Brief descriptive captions
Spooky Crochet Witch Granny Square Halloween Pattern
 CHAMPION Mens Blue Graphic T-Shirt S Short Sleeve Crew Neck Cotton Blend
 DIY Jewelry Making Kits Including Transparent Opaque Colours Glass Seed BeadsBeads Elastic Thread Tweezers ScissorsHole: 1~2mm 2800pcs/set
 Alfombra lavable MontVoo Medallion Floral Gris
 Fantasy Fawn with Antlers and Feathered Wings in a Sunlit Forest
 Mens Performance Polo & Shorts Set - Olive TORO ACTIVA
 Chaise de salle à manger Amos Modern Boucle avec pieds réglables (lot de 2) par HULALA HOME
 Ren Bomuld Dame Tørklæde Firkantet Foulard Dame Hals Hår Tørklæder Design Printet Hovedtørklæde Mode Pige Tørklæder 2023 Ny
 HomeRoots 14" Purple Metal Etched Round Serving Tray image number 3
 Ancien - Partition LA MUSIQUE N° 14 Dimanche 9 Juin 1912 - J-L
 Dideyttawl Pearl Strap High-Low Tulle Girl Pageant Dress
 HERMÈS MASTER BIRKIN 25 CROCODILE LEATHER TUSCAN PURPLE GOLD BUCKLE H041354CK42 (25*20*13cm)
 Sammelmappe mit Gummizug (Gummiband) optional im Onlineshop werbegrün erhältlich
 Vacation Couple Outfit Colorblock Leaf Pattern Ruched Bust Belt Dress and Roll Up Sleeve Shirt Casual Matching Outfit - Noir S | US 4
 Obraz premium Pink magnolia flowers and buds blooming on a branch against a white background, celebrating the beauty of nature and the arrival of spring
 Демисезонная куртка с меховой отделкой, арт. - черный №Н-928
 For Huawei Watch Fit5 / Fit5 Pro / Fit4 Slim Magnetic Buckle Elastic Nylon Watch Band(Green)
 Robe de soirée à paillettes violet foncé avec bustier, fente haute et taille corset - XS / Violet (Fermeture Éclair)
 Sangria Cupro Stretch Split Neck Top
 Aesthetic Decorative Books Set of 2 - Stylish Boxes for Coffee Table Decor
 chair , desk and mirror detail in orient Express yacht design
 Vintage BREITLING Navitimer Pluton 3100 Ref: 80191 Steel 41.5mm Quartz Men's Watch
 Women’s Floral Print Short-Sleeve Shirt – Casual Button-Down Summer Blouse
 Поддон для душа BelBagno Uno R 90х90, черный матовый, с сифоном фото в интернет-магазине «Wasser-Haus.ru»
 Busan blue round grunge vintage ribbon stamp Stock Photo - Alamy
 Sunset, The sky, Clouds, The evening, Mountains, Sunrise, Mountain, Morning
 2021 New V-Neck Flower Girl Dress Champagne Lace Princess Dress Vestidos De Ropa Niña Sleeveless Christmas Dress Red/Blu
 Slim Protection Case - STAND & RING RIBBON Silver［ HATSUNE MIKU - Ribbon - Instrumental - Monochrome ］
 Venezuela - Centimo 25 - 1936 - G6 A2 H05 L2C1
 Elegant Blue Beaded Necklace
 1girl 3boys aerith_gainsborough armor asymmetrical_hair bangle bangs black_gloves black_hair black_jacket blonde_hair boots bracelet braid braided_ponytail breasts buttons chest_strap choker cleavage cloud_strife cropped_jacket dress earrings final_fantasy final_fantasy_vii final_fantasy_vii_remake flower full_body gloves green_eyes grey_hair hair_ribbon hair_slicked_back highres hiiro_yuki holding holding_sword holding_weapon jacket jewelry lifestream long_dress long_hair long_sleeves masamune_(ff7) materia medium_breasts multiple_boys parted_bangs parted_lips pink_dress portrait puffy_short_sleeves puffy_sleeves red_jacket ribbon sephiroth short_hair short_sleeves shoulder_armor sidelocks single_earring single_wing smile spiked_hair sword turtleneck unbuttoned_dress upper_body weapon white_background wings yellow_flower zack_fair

> **WHAT THIS TASK INVOLVES**
An exact copy of the lines above, from the one containing "Fantasy Fawn with" down to the one containing "Elegant Blue Beaded Necklace" and including both, is the whole answer; retype it and nothing else.

> **WORKED SOLUTION**
 Fantasy Fawn with Antlers and Feathered Wings in a Sunlit Forest
 Mens Performance Polo & Shorts Set - Olive TORO ACTIVA
 Chaise de salle à manger Amos Modern Boucle avec pieds réglables (lot de 2) par HULALA HOME
 Ren Bomuld Dame Tørklæde Firkantet Foulard Dame Hals Hår Tørklæder Design Printet Hovedtørklæde Mode Pige Tørklæder 2023 Ny
 HomeRoots 14" Purple Metal Etched Round Serving Tray image number 3
 Ancien - Partition LA MUSIQUE N° 14 Dimanche 9 Juin 1912 - J-L
 Dideyttawl Pearl Strap High-Low Tulle Girl Pageant Dress
 HERMÈS MASTER BIRKIN 25 CROCODILE LEATHER TUSCAN PURPLE GOLD BUCKLE H041354CK42 (25*20*13cm)
 Sammelmappe mit Gummizug (Gummiband) optional im Onlineshop werbegrün erhältlich
 Vacation Couple Outfit Colorblock Leaf Pattern Ruched Bust Belt Dress and Roll Up Sleeve Shirt Casual Matching Outfit - Noir S | US 4
 Obraz premium Pink magnolia flowers and buds blooming on a branch against a white background, celebrating the beauty of nature and the arrival of spring
 Демисезонная куртка с меховой отделкой, арт. - черный №Н-928
 For Huawei Watch Fit5 / Fit5 Pro / Fit4 Slim Magnetic Buckle Elastic Nylon Watch Band(Green)
 Robe de soirée à paillettes violet foncé avec bustier, fente haute et taille corset - XS / Violet (Fermeture Éclair)
 Sangria Cupro Stretch Split Neck Top
 Aesthetic Decorative Books Set of 2 - Stylish Boxes for Coffee Table Decor
 chair , desk and mirror detail in orient Express yacht design
 Vintage BREITLING Navitimer Pluton 3100 Ref: 80191 Steel 41.5mm Quartz Men's Watch
 Women’s Floral Print Short-Sleeve Shirt – Casual Button-Down Summer Blouse
 Поддон для душа BelBagno Uno R 90х90, черный матовый, с сифоном фото в интернет-магазине «Wasser-Haus.ru»
 Busan blue round grunge vintage ribbon stamp Stock Photo - Alamy
 Sunset, The sky, Clouds, The evening, Mountains, Sunrise, Mountain, Morning
 2021 New V-Neck Flower Girl Dress Champagne Lace Princess Dress Vestidos De Ropa Niña Sleeveless Christmas Dress Red/Blu
 Slim Protection Case - STAND & RING RIBBON Silver［ HATSUNE MIKU - Ribbon - Instrumental - Monochrome ］
 Venezuela - Centimo 25 - 1936 - G6 A2 H05 L2C1
 Elegant Blue Beaded Necklace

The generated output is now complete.